# Load dataset in Datasets folder

In [25]:
from datasets import load_dataset

cache_directory  = "../Datasets"

# Now, load_dataset will use the specified cache directory
# It will automatically download from huggingface if the data is not available locally.
ds = load_dataset("microsoft/ms_marco", "v2.1", cache_dir=cache_directory)

## Examine data

In [31]:
print(ds.keys())
print(ds['train'])
print(ds['test'])
print(ds['validation'])

data = ds['validation']

dict_keys(['validation', 'train', 'test'])
Dataset({
    features: ['answers', 'passages', 'query', 'query_id', 'query_type', 'wellFormedAnswers'],
    num_rows: 808731
})
Dataset({
    features: ['answers', 'passages', 'query', 'query_id', 'query_type', 'wellFormedAnswers'],
    num_rows: 101092
})
Dataset({
    features: ['answers', 'passages', 'query', 'query_id', 'query_type', 'wellFormedAnswers'],
    num_rows: 101093
})


## Preparation for conversion

In [60]:
# Number of rows
total_rows = len(data)  # Should be 808731

n = 1 # Number of files. If d = 1, n=80 is the best split. Specifically, n*d >= 80 is best.

d = 1000 # Scale down the number of data points (i.e. total_rows divided by d). It must be scaled down if not it will be too expensive in terms of time and money.

# Calculate how many rows each file should contain
rows_per_file = total_rows // (d*n)  # Floor division

input_files_dir = "GraphRAG/input/"
input_files = []

for i in range(n):
    input_files.append(f"{input_files_dir}dataset{i}.txt")

print(input_files)

['GraphRAG/input/dataset0.txt']


## Conversion to .txt

In [61]:
# Open all files ahead of time
files = [open(input_file, "w") for input_file in input_files]


try:
    # Iterate over the entire dataset row by row
    for idx, row in enumerate(data):
        # Determine which file to write to based on the row index
        file_index = idx // rows_per_file  # Integer division to get the file index (0-3)

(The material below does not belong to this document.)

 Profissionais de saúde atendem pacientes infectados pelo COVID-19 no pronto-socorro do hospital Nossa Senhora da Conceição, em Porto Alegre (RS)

        if idx > total_rows / d:
            print(f"number of rows converted: {idx-1}")
            break

        # Ensure the last part takes the remaining rows
        if file_index >= n:
            file_index = n-1

        # Write to the correct file
        f = files[file_index]

        # Extract the query, answers, and passages
        query = row['query']
        query_id = row['query_id']
        query_type = row['query_type']
        answers = row['answers']  # Answers
        wf_answers = row['wellFormedAnswers']  # Well-formed Answers
        passages = row['passages']  # Passages relevant to the query

        # Structure: Query followed by answers and passages
        f.write(f"Query: {query}\n")
        f.write(f"Query_id: {query_id}\n")
        f.write(f"Query_type: {query_type}\n")
        f.write(f"Answers: {' | '.join(answers)}\n")
        f.write(f"Well_Formed_Answers: {' | '.join(wf_answers)}\n")

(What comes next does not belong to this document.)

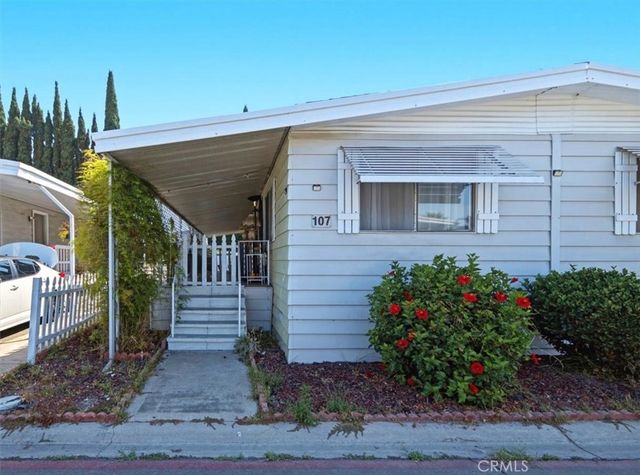 300 N Rampart 107, Orange, CA 92868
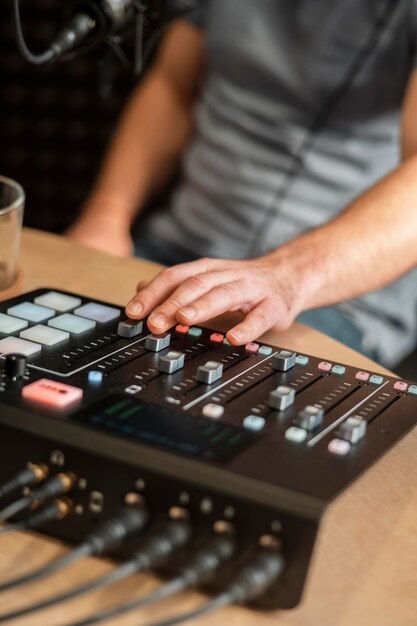 Hombre de primer plano trabajando con equipo de sonido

        for p in passages:
            # Convert all elements to string and join them
            if p == 'passage_text':
                f.write(f"{p}: " + ' '.join(map(str, passages[p])) + "\n")
            elif p == 'is_selected':
                f.write(f"{p}: " + ', '.join(map(str, passages[p])) + "\n")
            elif p == 'url':
                f.write(f"{p}: " + ', '.join(map(str, passages[p])) + "\n")

        f.write("\n" + "-"*10 + "\n")  # Add a separator between entries
finally:
    # Close all files
    for f in files:
        f.close()

print(f"Data successfully split into {n} files!")

number of rows converted: 101
Data successfully split into 1 files!


In [65]:
# Open the file in read mode
input_file = "GraphRAG/input/dataset0.txt"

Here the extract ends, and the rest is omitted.